Der FIFA-Chef äußert sich erstmals zum Kuss-Skandal nach dem WM-Finale. Dieser Vorfall habe die Feier der spanischen Fußballerinnen verdorben, sagt Gianni Infantino.

Rund anderthalb Wochen nach dem weltweit viel diskutierten Kuss-Skandal von Luis Rubiales hat auch der oberste Fußball-Boss den Vorfall klar verurteilt.

Während FIFA-Präsident Gianni Infantino via Instagram bedauerte, dass die «wohlverdienten Feierlichkeiten» der spanischen Fußballerinnen nach dem WM-Triumph verdorben worden seien, nutzte in Monaco Nationaltrainerin Sarina Wiegman von den im Endspiel geschlagenen Engländerinnen die Bühne für ein emotionales Statement im Kampf gegen sexuelle Übergriffe. «Das tut mir wirklich weh – als Trainerin, als Mutter von zwei Töchtern, als Ehefrau, als Mensch», sagte sie nach ihrer UEFA-Auszeichnung als beste Trainerin eines Frauenteams. 

«Hätte niemals passieren dürfen»

«Das hätte niemals passieren dürfen», schrieb Infantino weiter.
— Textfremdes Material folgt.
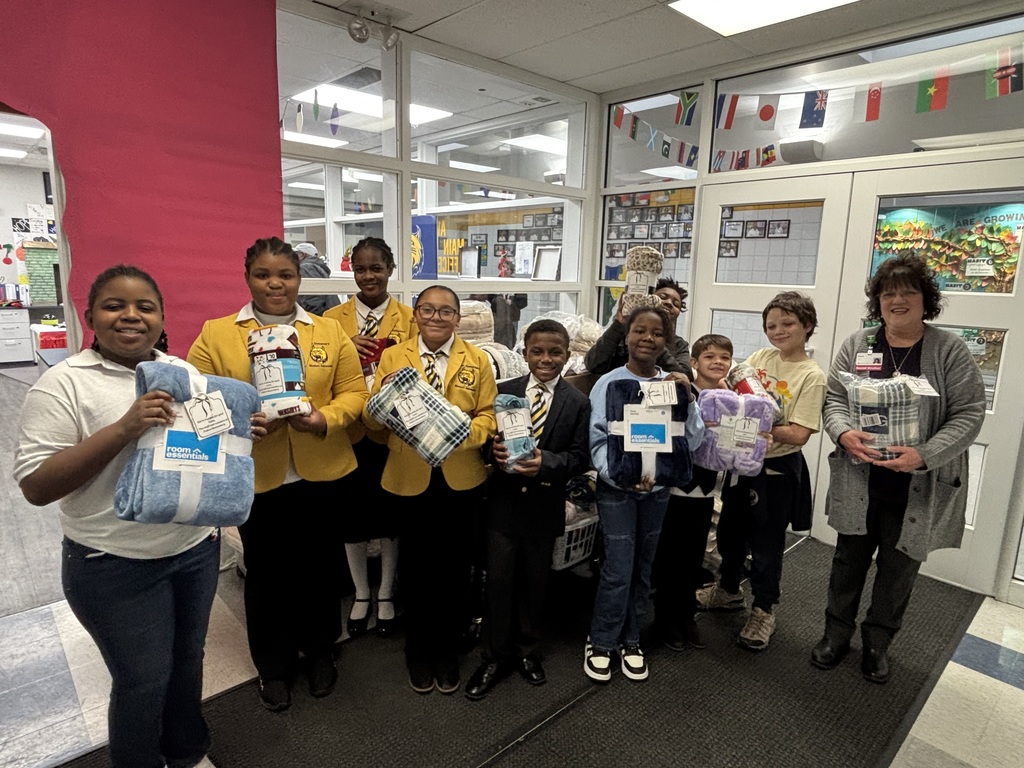 Ann Hembry of The Springfield Cancer Center accepts blanket donation from  Fulton's Jr. Lighthouse Team and Lighthouse Ambassadors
Aber es sei passiert und die Disziplinarorgane der FIFA hätten sofort die notwendigen Maßnahmen ergriffen. «Die Disziplinarverfahren werden ihren rechtmäßigen Lauf nehmen», versicherte Infantino. Der 53 Jahre alte Schweizer war nach dem Finale bei der Pokal-Übergabe dabei gewesen.

Spaniens Verbandspräsident Rubiales hatte bei der Siegerehrung in Sydney am 20. August Spielerin Jennifer Hermoso auf den Mund geküsst. Er beteuert, der Kuss sei in beiderseitigem Einvernehmen erfolgt. Hermoso hatte nach dem Vorfall aber erklärt, sie habe sich «als Opfer einer impulsiven, sexistischen und unangebrachten Handlung gefühlt, der ich nicht zugestimmt habe». 
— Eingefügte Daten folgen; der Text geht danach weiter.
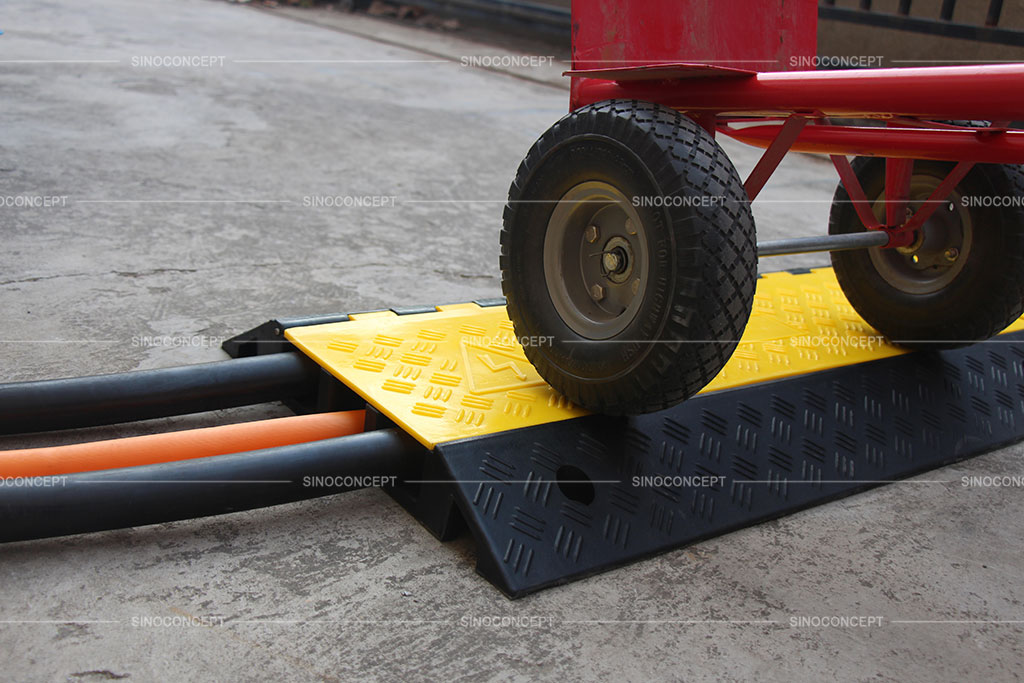 Rubber cable protector with yellow cover used to protect cables or hoses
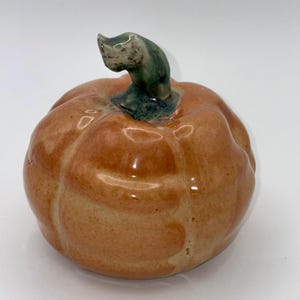 May include: A small, round, ceramic pumpkin figurine with a glossy orange finish and a textured surface. The pumpkin features a curved, dark green stem at the top, with visible ridges running down the sides of the body, creating a realistic shape.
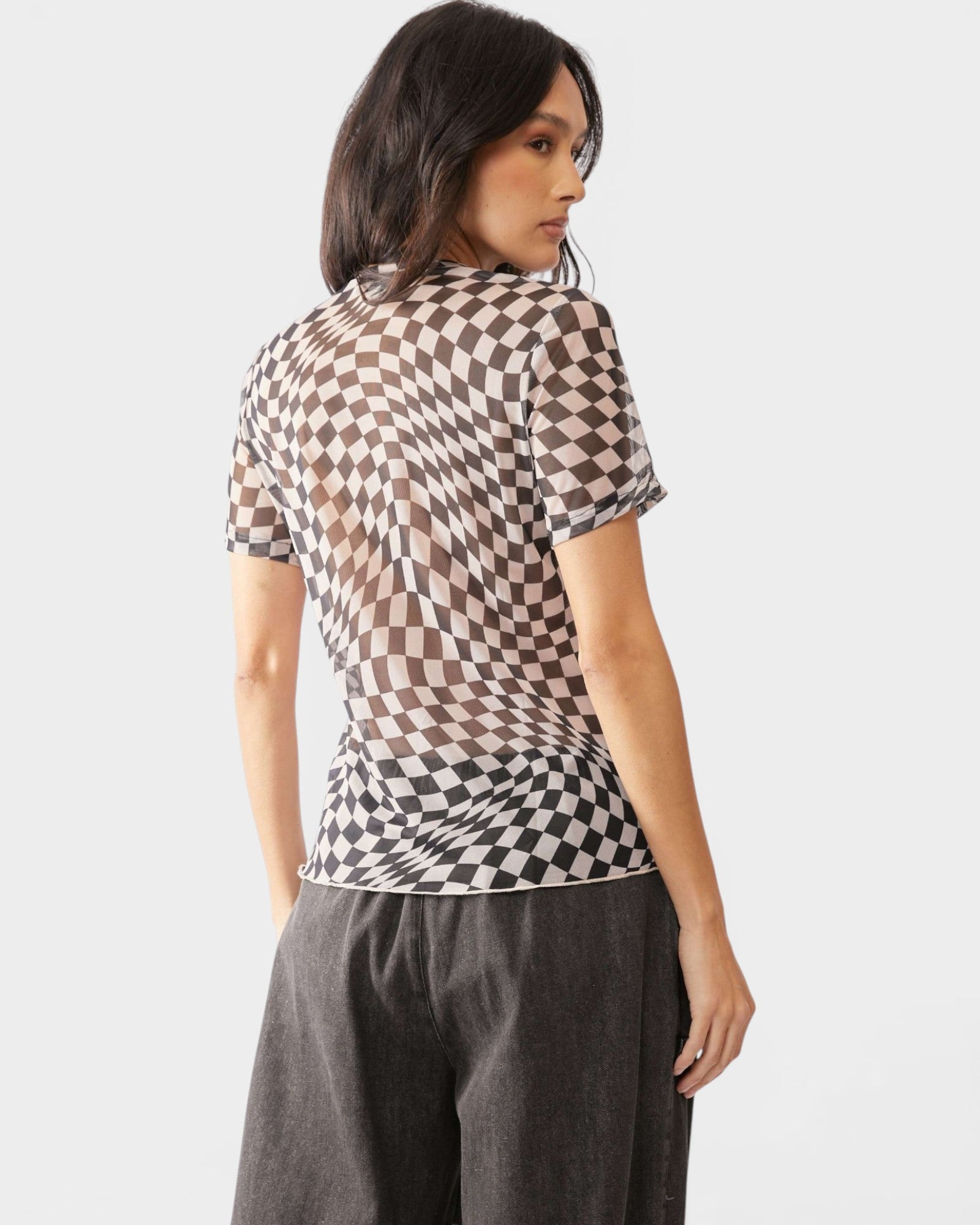 Woman wearing a checkered shirt with sheer panels on a white background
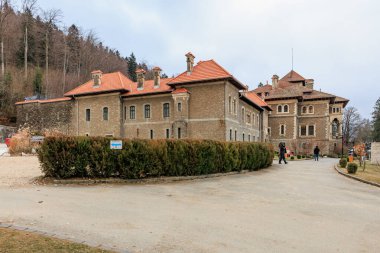 Önünde mavi bir işaret olan büyük bina, Cantacuzino Kalesi. 15 Aralık 2024 Busteni Romanya.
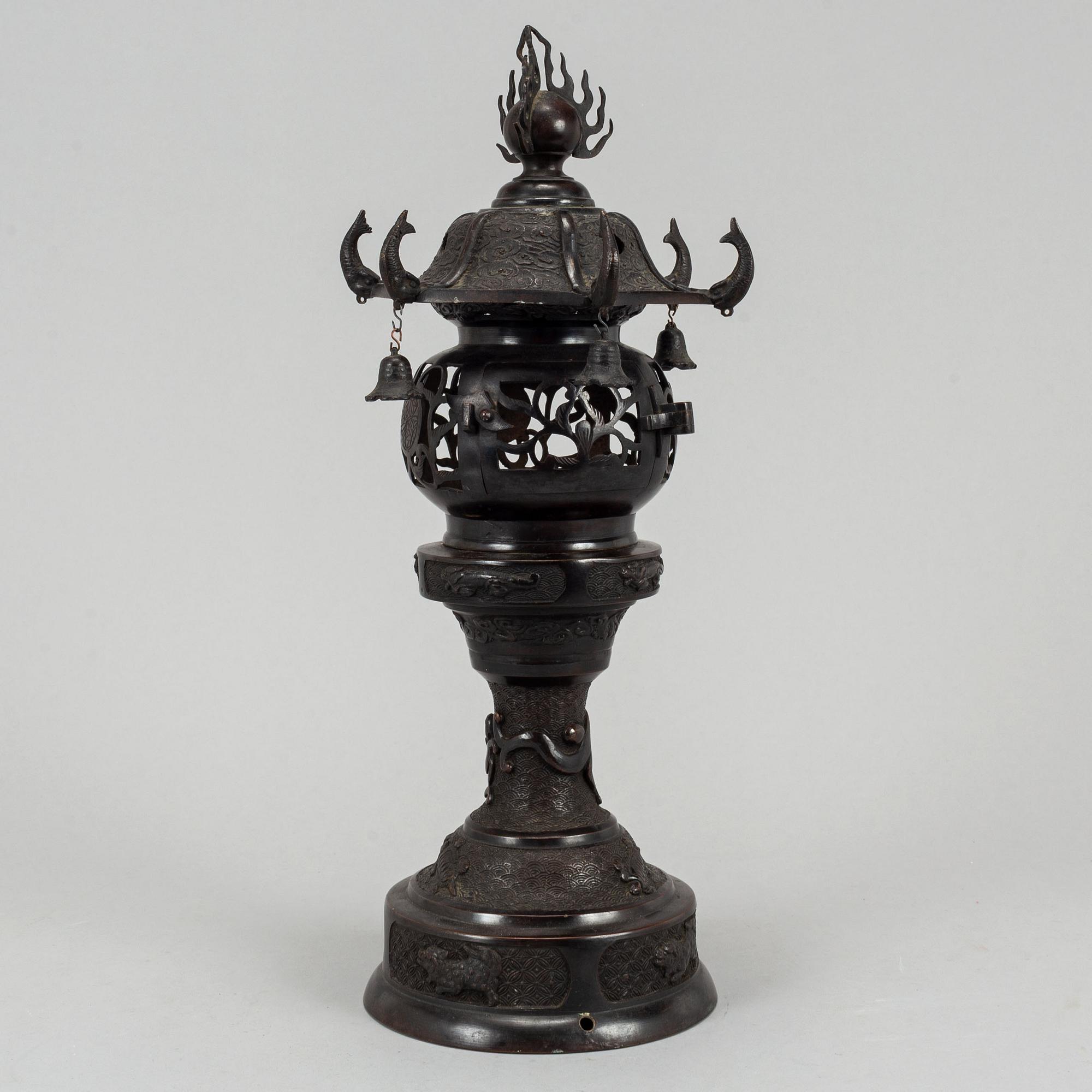 A 20th century Japanese bronze light holder pagoda.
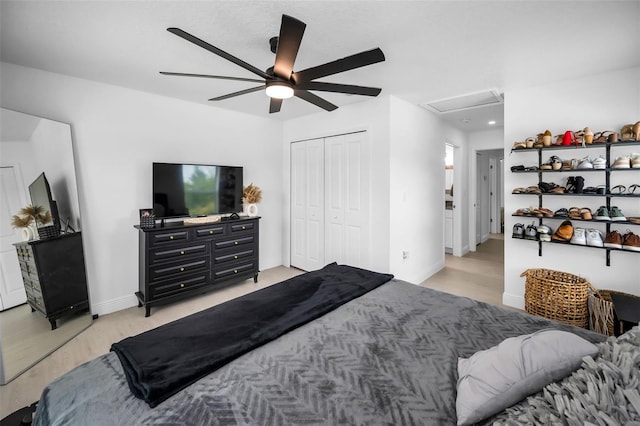 bedroom with light wood-style flooring, a closet, a ceiling fan, and baseboards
Von der FIFA wurde Rubiales für 90 Tage suspendiert, ein Disziplinarverfahren wurde eingeleitet. «Natürlich ist das, was er getan hat, unangemessen. Das wissen wir alle», hatte UEFA-Präsident Aleksander Čeferin in seiner ersten Äußerung zu den Geschehnissen in einem Interview der französischen Sportzeitung «L’Équipe» gesagt: «Ich hoffe, dass er weiß, dass es unangebracht war.» 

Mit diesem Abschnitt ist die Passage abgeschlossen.